Le journaliste français détenu en Éthiopie a été libéré
Antoine Galindo avait été arrêté en marge du sommet de l’Union africaine. Il était soupçonné d’entretenir des liens avec des groupes séparatistes classés terroristes par Addis-Abeba.
Le journaliste français Antoine Galindo, incarcéré depuis une semaine en Éthiopie, a été libéré et est en route pour la France, a annoncé son employeur, la publication spécialisée Africa Intelligence. « Antoine Galindo a été libéré le 29 février après une semaine d’incarcération et a pu quitter Addis-Abeba pour regagner Paris », a indiqué à l’AFP Paul Deutschmann, rédacteur en chef à Africa Intelligence.
Sa libération « est un vrai soulagement pour toute la rédaction d’Africa Intelligence qui a hâte de retrouver Antoine », a-t-il ajouté. Le journaliste avait été arrêté le 22 février dans un hôtel du centre d’Addis-Abeba, en compagnie d’un responsable du Front de libération oromo (OLF), parti d’opposition légalement enregistré, avec qui il avait rendez-vous. Ce dernier est toujours incarcéré.
Lien avec l’Armée de libération oromo
À l’audience, la police a indiqué soupçonner le journaliste de « conspirer pour créer le chaos » en Éthiopie. Selon une source proche du dossier, elle l’a accusé d’être en lien à la fois avec l’Armée de libération oromo (OLA), groupe armé actif dans l’État régional de l’Oromia et classé « terroriste » en Éthiopie, et avec les milices populaires amhara « Fano », qui affrontent les forces fédérales dans l’État régional de l’Amhara.
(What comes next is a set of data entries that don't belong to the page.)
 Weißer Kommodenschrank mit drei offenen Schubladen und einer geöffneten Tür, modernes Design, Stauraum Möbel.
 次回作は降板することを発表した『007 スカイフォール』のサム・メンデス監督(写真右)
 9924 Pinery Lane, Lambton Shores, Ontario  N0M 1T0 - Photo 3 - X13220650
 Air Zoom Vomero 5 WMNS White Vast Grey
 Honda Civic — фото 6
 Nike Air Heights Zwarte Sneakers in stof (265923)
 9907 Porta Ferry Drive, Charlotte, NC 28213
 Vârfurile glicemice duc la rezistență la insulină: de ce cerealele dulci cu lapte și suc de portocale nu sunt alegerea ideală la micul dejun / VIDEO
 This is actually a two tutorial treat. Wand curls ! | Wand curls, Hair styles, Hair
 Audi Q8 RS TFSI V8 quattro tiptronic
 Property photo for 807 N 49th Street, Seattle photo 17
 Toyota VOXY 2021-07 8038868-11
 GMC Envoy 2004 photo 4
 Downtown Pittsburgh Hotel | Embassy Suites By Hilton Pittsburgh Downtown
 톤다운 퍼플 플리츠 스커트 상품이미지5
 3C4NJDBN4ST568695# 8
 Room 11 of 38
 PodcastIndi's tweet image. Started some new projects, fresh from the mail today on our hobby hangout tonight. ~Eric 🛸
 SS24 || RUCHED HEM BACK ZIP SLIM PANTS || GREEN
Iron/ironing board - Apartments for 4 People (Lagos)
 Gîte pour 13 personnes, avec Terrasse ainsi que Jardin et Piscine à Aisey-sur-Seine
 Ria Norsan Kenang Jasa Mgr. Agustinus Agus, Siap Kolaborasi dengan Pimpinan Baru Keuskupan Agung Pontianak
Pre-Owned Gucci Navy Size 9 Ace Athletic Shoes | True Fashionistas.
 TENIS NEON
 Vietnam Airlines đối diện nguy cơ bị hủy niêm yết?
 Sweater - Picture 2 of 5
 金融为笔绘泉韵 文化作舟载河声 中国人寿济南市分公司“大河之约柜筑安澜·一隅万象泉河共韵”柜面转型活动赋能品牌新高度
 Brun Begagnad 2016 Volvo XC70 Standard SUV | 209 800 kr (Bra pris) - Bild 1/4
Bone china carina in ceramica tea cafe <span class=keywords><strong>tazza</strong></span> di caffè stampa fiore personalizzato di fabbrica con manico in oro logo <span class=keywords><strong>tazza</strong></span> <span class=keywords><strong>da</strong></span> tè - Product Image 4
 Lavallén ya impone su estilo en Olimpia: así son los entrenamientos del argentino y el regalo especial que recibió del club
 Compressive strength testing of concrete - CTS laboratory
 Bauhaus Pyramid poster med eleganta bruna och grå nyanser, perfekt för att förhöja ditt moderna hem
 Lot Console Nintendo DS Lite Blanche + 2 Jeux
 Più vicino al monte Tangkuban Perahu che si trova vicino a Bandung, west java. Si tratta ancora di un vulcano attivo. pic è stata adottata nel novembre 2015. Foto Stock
En Oromia, qui compte quelque 40 millions d’habitants essentiellement oromo, les forces fédérales affrontent depuis 2018 l’OLA, née d’une scission de l’OLF quand celui-ci a renoncé à la lutte armée et a été légalisé cette année-là. En Amhara, région d’environ 23 millions d’habitants, essentiellement peuplée d’Amhara, l’état d’urgence est en vigueur depuis août pour tenter – jusqu’ici sans succès – de mater l’insurrection des Fano.
Africa Intelligence a dénoncé des « accusations fallacieuses » qui « ne se basent sur aucun élément tangible » et une « arrestation injustifiée ». Antoine Galindo, 36 ans, chef de la rubrique Afrique de l’Est, était arrivé en Éthiopie le 13 février pour couvrir notamment le Sommet de l’Union africaine (UA) à Addis-Abeba, siège de l’organisation panafricaine qui lui avait délivré une accréditation.
Arrêté pour avoir outrepassé son accréditation
Le 28 février, Selamawit Kassa, secrétaire d’État éthiopienne à la Communication avait indiqué que le journaliste français avait été arrêté pour avoir outrepassé son accréditation, laquelle l’autorisait, selon elle, uniquement à couvrir le Sommet de l’UA, et pour avoir collecté illégalement « des informations sur des questions politiques internes » à l’Éthiopie.
Le journaliste a été, entre 2013 et 2017, correspondant en Éthiopie pour plusieurs médias internationaux. Le Comité pour la protection des journalistes (CPJ) avait dénoncé « une arrestation injuste » qui « éclaire le contexte épouvantable pour la presse en général en Éthiopie […] deuxième pire geôlier de journalistes en Afrique subsaharienne ». Reporters sans frontières (RSF) avait fustigé une « détention arbitraire », y voyant « la terrible illustration » de « l’hostilité envers le journalisme indépendant » de la part des autorités éthiopiennes qui « cherchent à contrôler le narratif des récentes tensions sociopolitiques ».
Après des décennies de répression, la liberté de la presse avait fait des progrès spectaculaires à l’arrivée au pouvoir en 2018 de l’actuel Premier ministre Abiy Ahmed qui avait fait libérer plusieurs journalistes et opposants. Mais la situation s’est à nouveau dégradée depuis 2020 et le début de deux ans de guerre contre les autorités dissidentes de l’État régional du Tigré. En 2023, selon Reporters sans frontières (RSF), l’Éthiopie pointait au 130e rang mondial en matière de liberté de la presse, en chute de 16 places par rapport à 2022. Selon l’ONG, au 1er janvier 2024, quinze journalistes étaient en prison.